> [How to complete this task] Nothing but an exact copy is wanted: the line with "Warga Lereng Gunung" and each line after it in the data below, last line included.

> [Material shown]
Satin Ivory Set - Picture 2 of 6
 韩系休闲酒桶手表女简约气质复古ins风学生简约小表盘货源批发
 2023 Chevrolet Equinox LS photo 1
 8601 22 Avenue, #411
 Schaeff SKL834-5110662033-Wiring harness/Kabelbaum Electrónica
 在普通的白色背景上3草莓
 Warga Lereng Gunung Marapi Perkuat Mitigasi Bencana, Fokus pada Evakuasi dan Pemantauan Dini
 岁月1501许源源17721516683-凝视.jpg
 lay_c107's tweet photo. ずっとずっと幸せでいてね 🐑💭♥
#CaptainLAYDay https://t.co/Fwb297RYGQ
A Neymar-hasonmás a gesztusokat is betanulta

> [Solution to the problem]
 Warga Lereng Gunung Marapi Perkuat Mitigasi Bencana, Fokus pada Evakuasi dan Pemantauan Dini
 岁月1501许源源17721516683-凝视.jpg
 lay_c107's tweet photo. ずっとずっと幸せでいてね 🐑💭♥
#CaptainLAYDay https://t.co/Fwb297RYGQ
A Neymar-hasonmás a gesztusokat is betanulta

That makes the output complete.